Un día en Cineteca Nacional, fui invitado por el gran cineasta Juan Antonio de la Riva, a rendir homenaje a Ernesto Gómez Cruz. Me puse feliz, es mi ídolo actor cinematográfico. Le hice este escrito que leí en su celebración. A él le gustó mucho, y yo estaba feliz de brindarle mi cariño
Raúl Adalid Sainz
“¿No es monstruoso que un actor como éste, no más que en ficción pura, sólo en el sueño de una pasión, pueda forzar su alma de tal modo, hasta su idea entera, que por su efecto, palidezca su rostro, se le quiebre la voz, haya en sus ojos lágrimas y desvarío en su expresión y todo esto por nada, ¡por Hécuba!, qué es Hécuba para él o él para Hécuba que puede así llorar por ella?”

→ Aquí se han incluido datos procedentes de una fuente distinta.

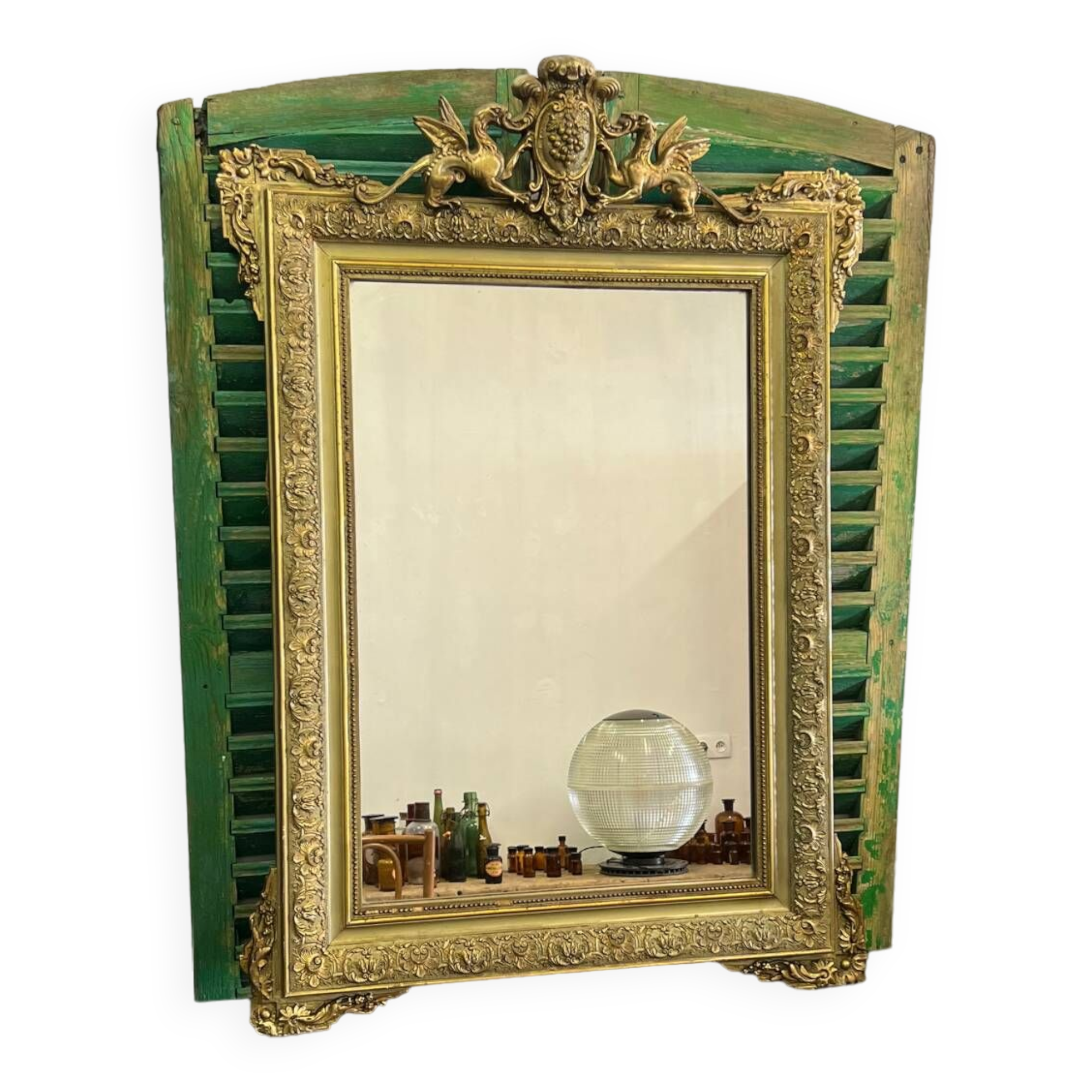 Old Napoleon III mirror decorated with a griffin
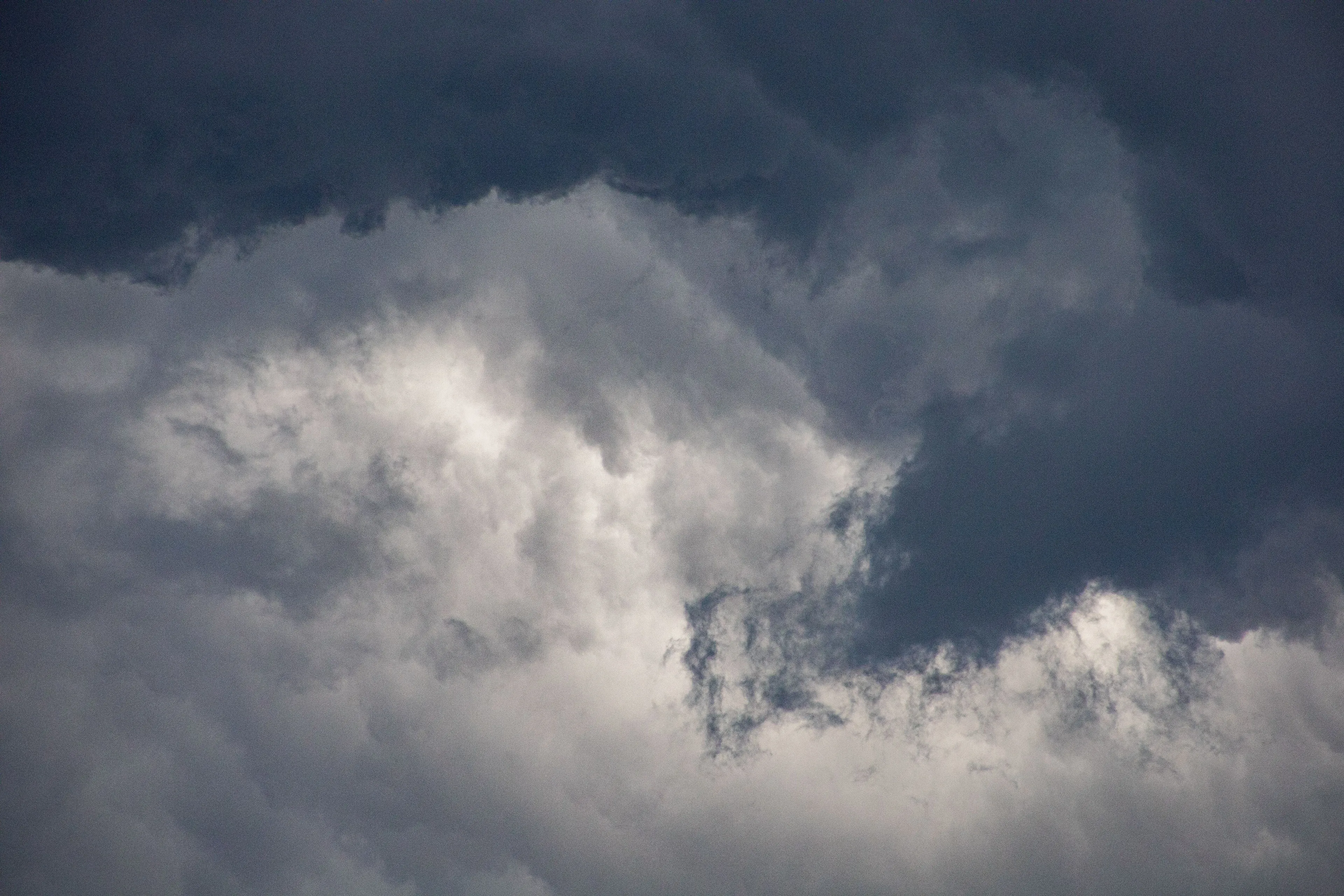 Overcast sky with dark, dramatic clouds.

Estas palabras, estos pensamientos, son los del “Príncipe Hamlet”, es Shakespeare que se sorprende del talento de un actor. Así apareció una noche del sesenta y siete, aquel “Azteca”, aquel caifán actor llamado Ernesto Gómez Cruz. Todavía lo veo al compás de “México Lindo y Querido”, subiendo a la “Diana Cazadora”, arroparla con brassiere del frío de la noche, dándole un beso en la boca como despedida.
Don Ernesto presenta realidad, naturalidad, matices emocionales, es un actor que refleja a la naturaleza, a la vida misma, a la conducta de los seres humanos. Dota a los personajes de verdad. Relajado, concentrado, para poder crear. Responde a un saber quién es el personaje, qué quiere y a dónde va.
Sabe oír, su escucha lo hace reaccionar con verosimilitud a los estímulos, siempre de acuerdo a la conducta y al marco axiológico del personaje, se comunica con naturalidad, sabe qué hacer en cada secuencia, cree la situación como real y la transforma y vive con arte creativo. Su imaginación es desbordante.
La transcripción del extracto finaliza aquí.